Seeking to regenerate a kidney from scratch: an interview with Professor Hermann Haller, M.D.
In this interview, Professor Hermann Haller, M.D., faculty member at the MDI Biological Laboratory (Bar Harbor, ME, USA) and director of the Department of Nephrology and Hypertension at Hannover Medical School (Germany), discusses the possibility of utilizing stem cells for engineering new renal tissue and kidneys.
Chronic renal failure is a major and growing medical problem throughout the world. Dialysis and kidney transplantation can serve as successful strategies to treat patients who have lost kidney function; however, regenerative medicine could make it possible to replace lost or damaged tissue, or replace the kidney entirely.
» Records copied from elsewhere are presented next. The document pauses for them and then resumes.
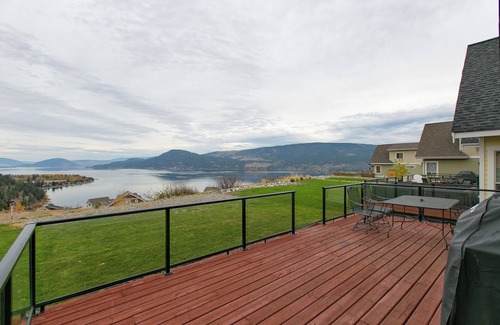 Central Okanagan House | Stunning 2 Bed and Loft Cottage on Lake Okanagan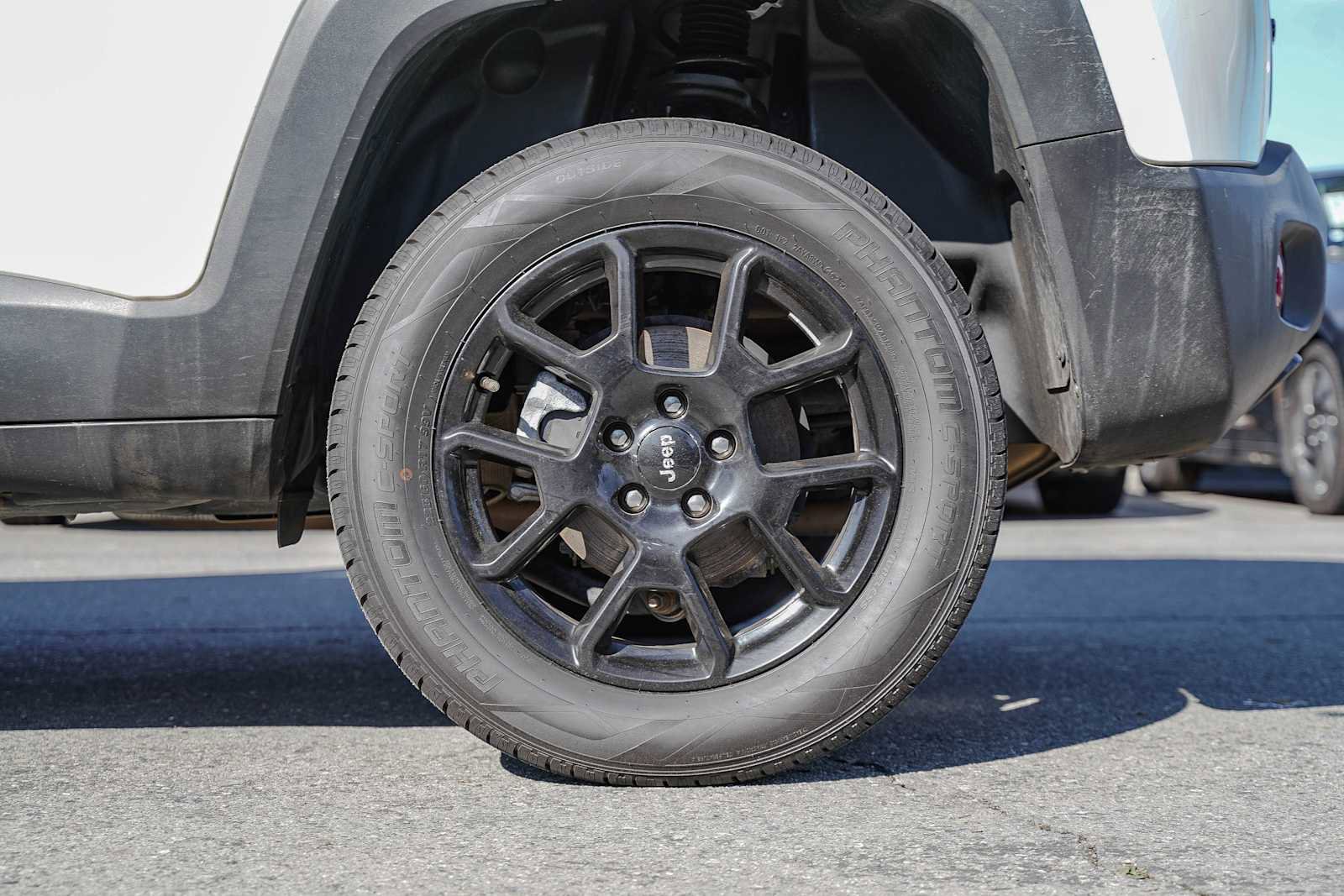 Used 2020 Jeep Renegade Altitude image 8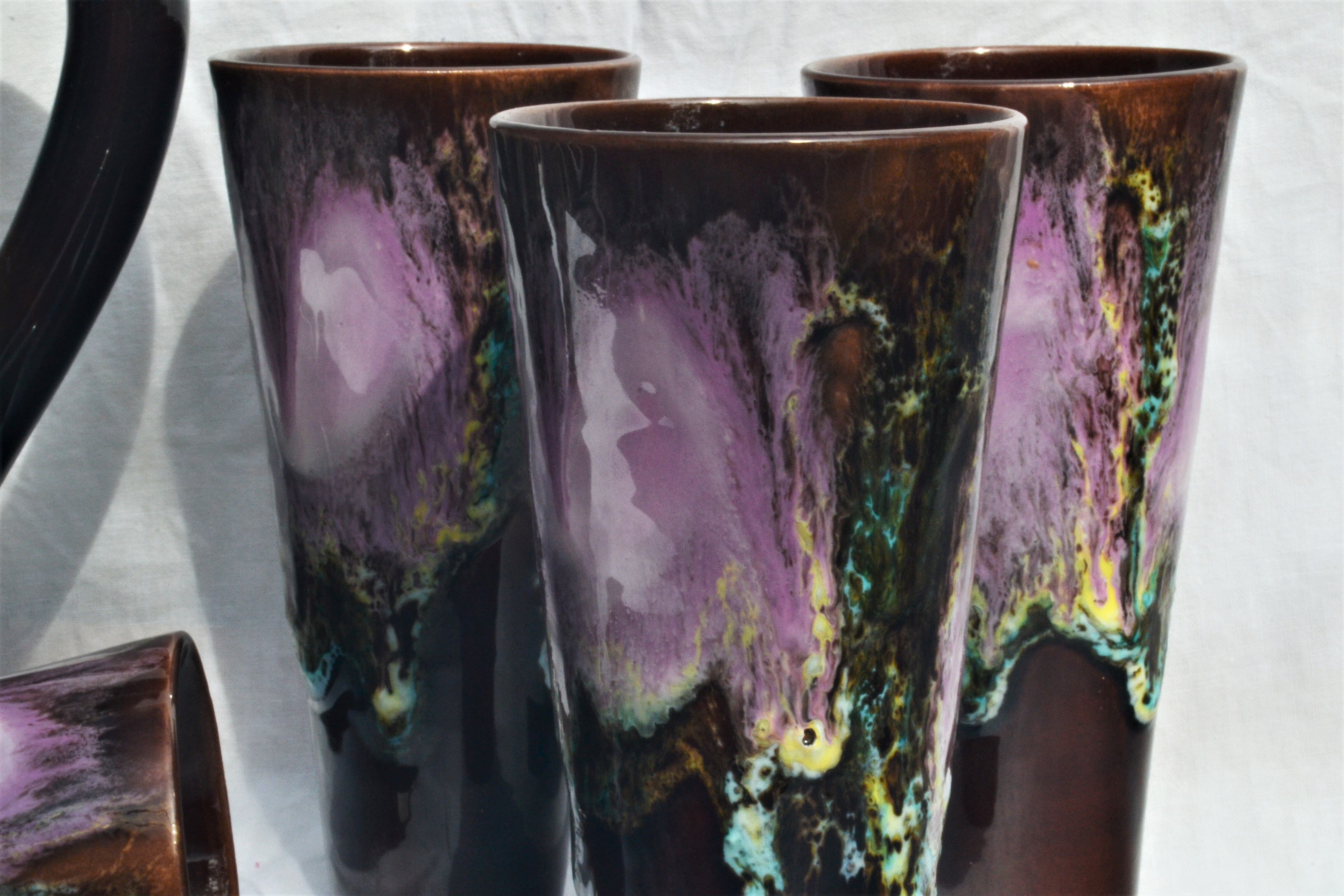 Carafe and six Vallauris glasses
In this interview, Professor Hermann Haller, faculty member at the MDI Biological Laboratory (Bar Harbor, ME, USA) and director of the Department of Nephrology and Hypertension at Hannover Medical School (Hanover, Germany), discusses his career to date and the possibility of utilizing stem cells to generate new kidneys, including using animal models to understand the pathways involved, 3D bioprinting and the timeline to the clinic.
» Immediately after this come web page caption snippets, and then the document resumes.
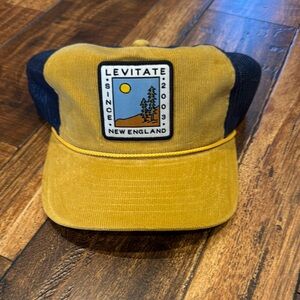 Levitate OUTDOORS TRUCKER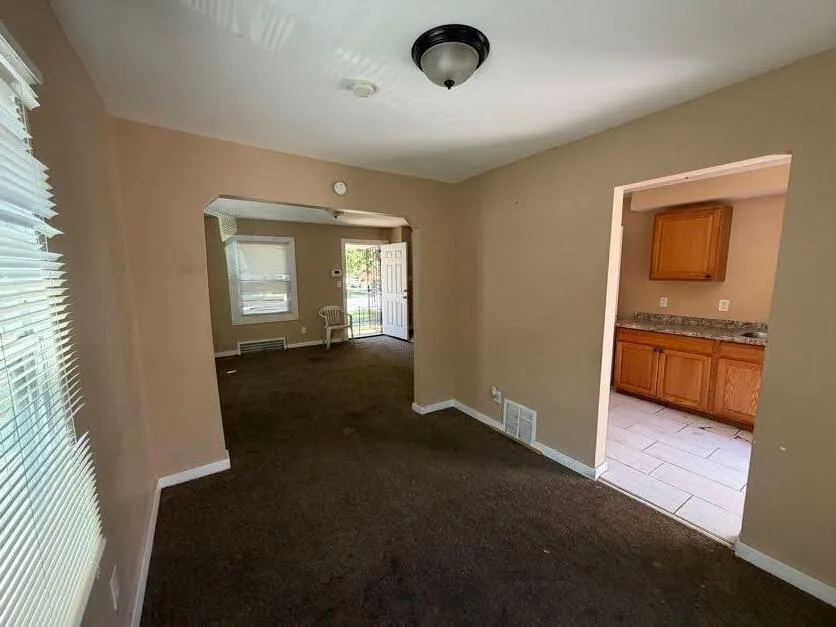 8878 Evergreen Avenue Detroit, MI 48228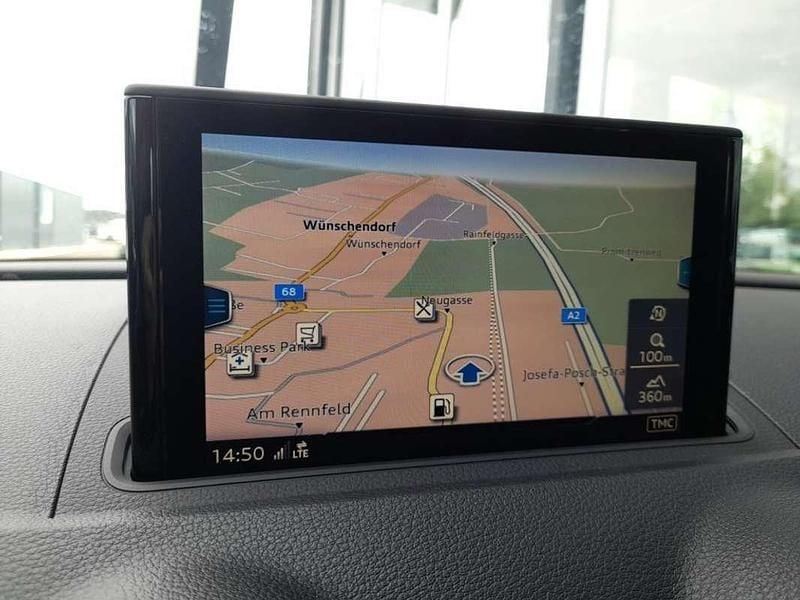 Gebraucht Audi A3 Sport 150 PS (110 kW) 2020 Weiß Limousine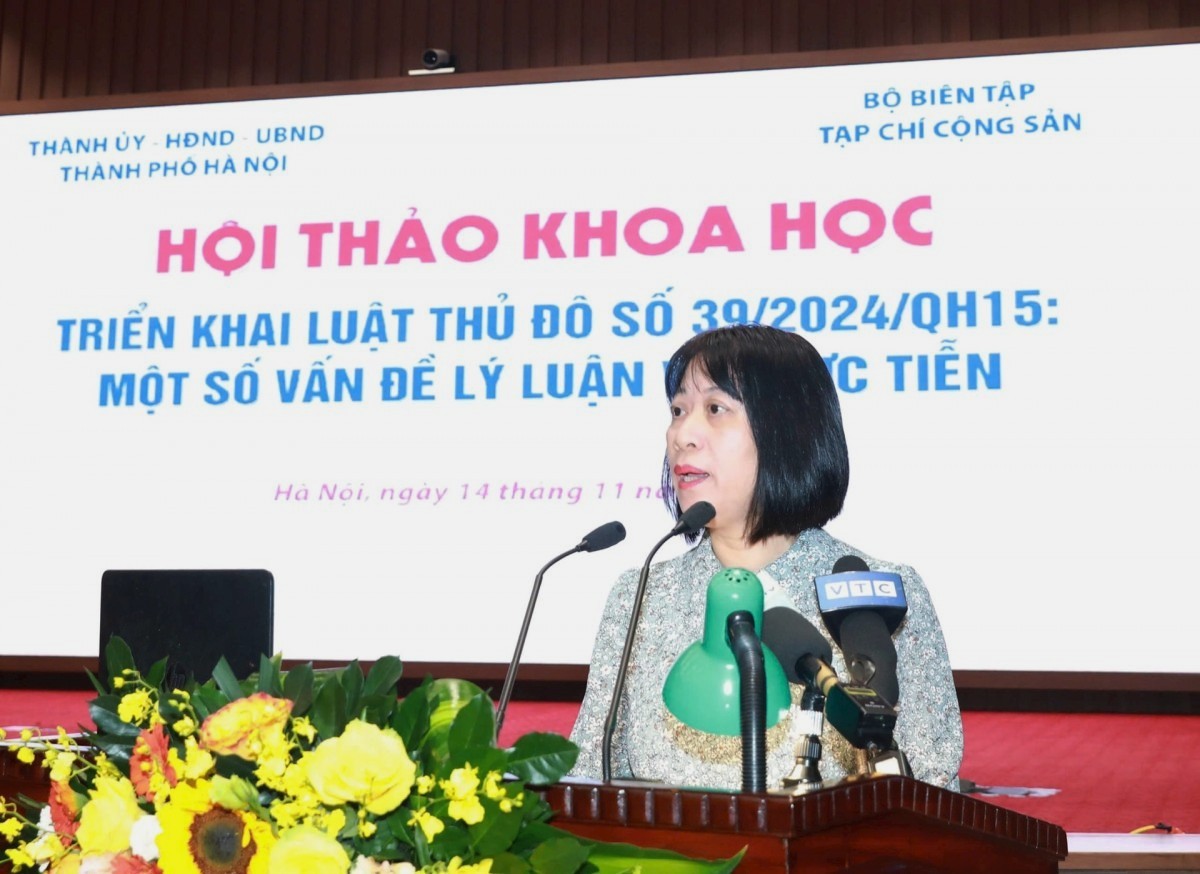 TS. Đoàn Thị Tố Uyên, Trưởng khoa Kl992 Tham Gia Ngay Hành chính - 99Kl99 trực tiếp đá gà, Trường Đại học Luật Hà Nội.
Professor Hermann Haller, M.D.
Professor Hermann Haller, M.D., is an internationally acclaimed expert in the areas of kidney disease, hypertension and renal transplantation. He has made important contributions to the fields of diabetic nephropathy, pregnancy-associated disease, renal vascular hypertension and transplantation. Professor Haller has been the Director of the Department of Nephrology and Hypertension at Hannover Medical School since 1999, where he has established an internationally renowned clinic for renal disease and hypertension. He has received numerous prizes for his scientific achievements, and has been president of the German Hypertension Society and board member of the European Society of Hypertension. He is also co-editor of several books, and associate editor of national and international journals.
Could you please kick off the interview by telling us what your current work at the MDI Biological Laboratory and Hannover Medical School entails?
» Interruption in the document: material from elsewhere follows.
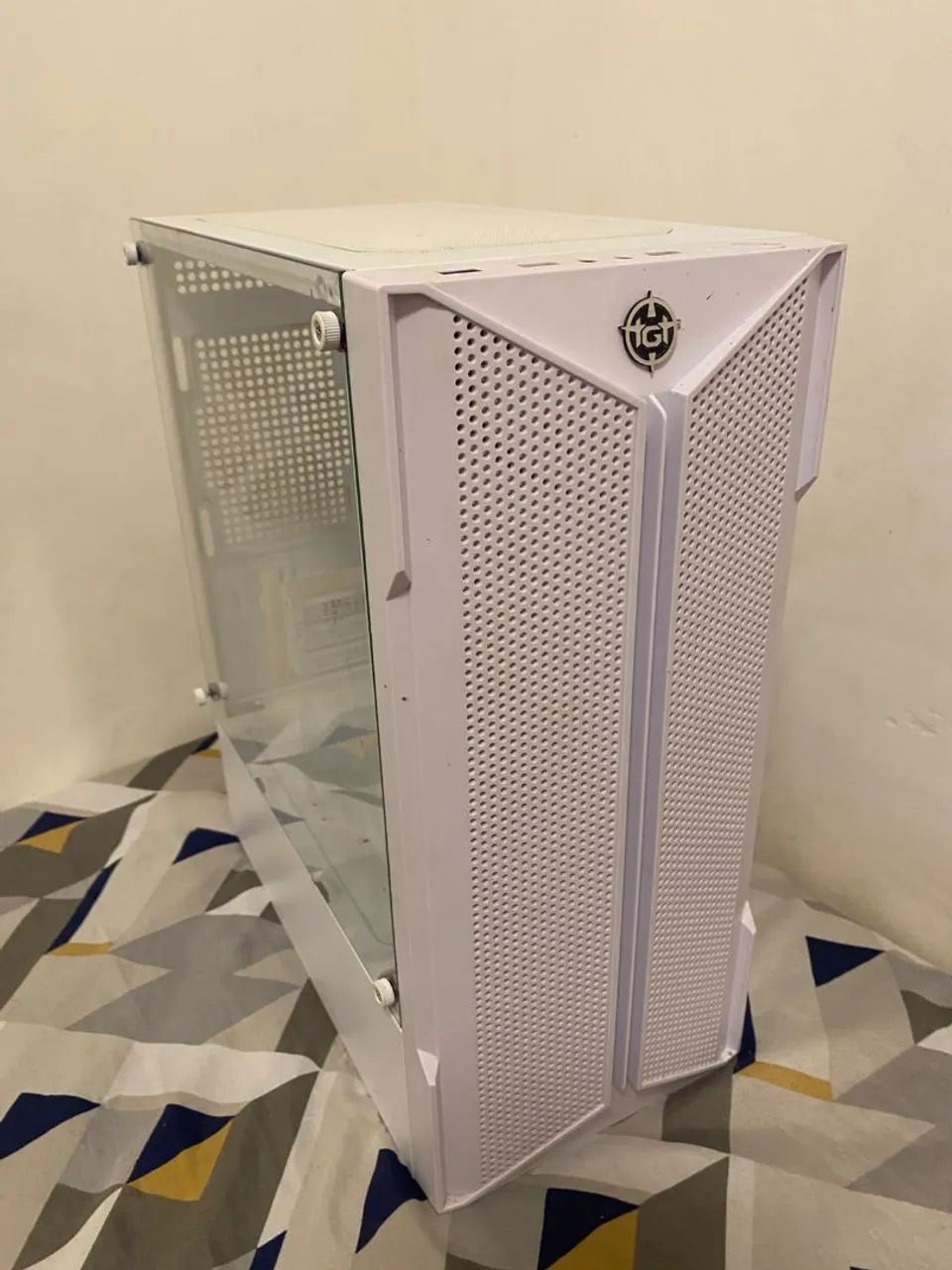 Gabinete branco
I’m a clinician–scientist, so on the one hand I’m dealing with patients. For example, in Hanover I established the new Interdisciplinary Transplant Center for Clinical Research, the most experienced center for kidney transplantation in Germany. Highlights of the program are both acute treatment and long-term follow-up care. On the other hand, I’m a scientist who is trying to understand how the kidney heals and how we can make the kidney work again, and particularly whether we can replace kidney function by making new kidneys.
How do you anticipate that identifying the molecular mechanisms underlying the regenerative ability of animals such as the skate could help alter the way renal failure is treated?
Here at the MDI Biological Laboratory, we identified the regenerative capacity of the shark and skate almost 15 years ago. These animals can make new renal tissues when their kidneys are damaged. Since their tissue looks like ours, we are trying to understand why they can do that and we cannot. The mechanisms we have learned from fish are helping us conduct experiments with stem cells in order to generate renal tissue and eventually new kidneys, like the fish.
“The mechanisms we have learned from the fish are helping us conduct experiments with stem cells in order to generate renal tissue and eventually new kidneys.”
What are the steps to finding out if stem cells can be manipulated to create new kidneys in humans?
We’ve learned a lot over the last couple of years about how to manipulate stem cells in order to make renal tissue. Groups in Australia and the United States have shown that we can make almost all of the cells we need to make a new kidney. Recent publications (see ‘Further reading’ below) have done a wonderful job in demonstrating that a lot of stem cell technology can be used to make the different parts of the human kidney. The main challenge now is to bring these elements together to make a 3D artificial kidney from cells.
“A reasonable time frame [for replacing dialysis and transplantation with new kidneys] would be 5–10 years to generate a new kidney, then realistically not more than 20 years to put it in humans.”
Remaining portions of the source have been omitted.